Fergal lingered to see that Aedan and Liru found
their rooms. When he turned to leave, Aedan asked if he might have a word. Fergal
replied, in a voice that carried a long way, that there would be much time for
talk during the journey and that whatever he had to say could wait a few days. Aedan
opened his mouth to say that there might not
be
a few days. But Fergal
held up a hand and spoke one Sulese word, almost like a salutation, then
lumbered away, his broad shape filling the passage from wall to wall.
Vlegalyo’du.
That was not a salutation. Aedan
went to his room and racked his brain to dig up the meaning. It was familiar.
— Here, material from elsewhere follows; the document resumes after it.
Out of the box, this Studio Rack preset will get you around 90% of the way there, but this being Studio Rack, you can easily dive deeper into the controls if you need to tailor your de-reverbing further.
If he had brought his books he could have found it quickly. Something told him
that there was an importance attached to the word – Fergal’s eyes had been
intent when speaking it, as if driving some meaning home. Aedan paced, he
leaned with his head against the wall and drummed his fingers, whispering the
word to himself over and over. A creak distracted him, and he listened. Suddenly
he forgot about the creak as his face lit up. Listen – that’s what it meant.
Although it should have been
vlegalyo
. Trust a cleaner to make such a
basic error.
But he began to wonder if there was more to it.
Then, from an almost forgotten class he remembered the modifier
’du
signified
people, in this case it would be people who listen. Listeners.
The creak from earlier now took on a meaning, and Aedan
remembered that the body of soldiers in the common room had appeared a little
thin. Fergal had given a warning that they were being listened to. That’s why
he had spoken so loudly of there being no need for haste. He must have been
assuring an eavesdropper that he was not suspicious of anything.
Which meant that he was.
So Fergal and Culver also suspected treachery.
Osric, then, had succeeded in getting a warning through. Aedan felt relieved in
part, but wondered what the old scholar and his large assistant would be able
to do. A compelling lecture would be of little help.
Liru would be no help.
Aedan was unable to sleep. The carousing of the
soldiers was enough to keep anyone awake. He hoped Liru had barricaded her
door. By the time the inn fell silent, he was still gazing up at the ceiling.
The heavens that had already delivered more than a week’s quota of drizzle now
showed themselves capable of far greater things as they truly opened up.
Through the pounding of heavy drops, he could not even hear his own steps when
he got up from the bed and walked to the window. The drowning noise gave him an
idea, not a comfortable one, but one that he would be fool to discard.
Getting out the window was the easy part; climbing
down the wall under a small waterfall from the roof was something else. He had
never climbed under such conditions and did not find it enjoyable. Holding the
slippery surfaces was far less of a problem than actually seeing them, and
breathing was more difficult still. When he reached the ground, he collapsed
into a frothing pool and gasped for air until he had recovered. Even if there
had been a light outside, the rain was so thick that it would have sheltered
him completely, so he ran around the building to the stables, nearly tripping
over the low rim of the well and ending his plans with a long, dark fall.
As he covered the last few yards before the
stables, he was surprised by a faint yellow glow emerging through the rain. He
guessed too late that Captain Senbert had probably mounted a guard. Unable to
stop in time, he skidded under the eaves and looked up to see a soldier at the
far corner of the building holding a lamp.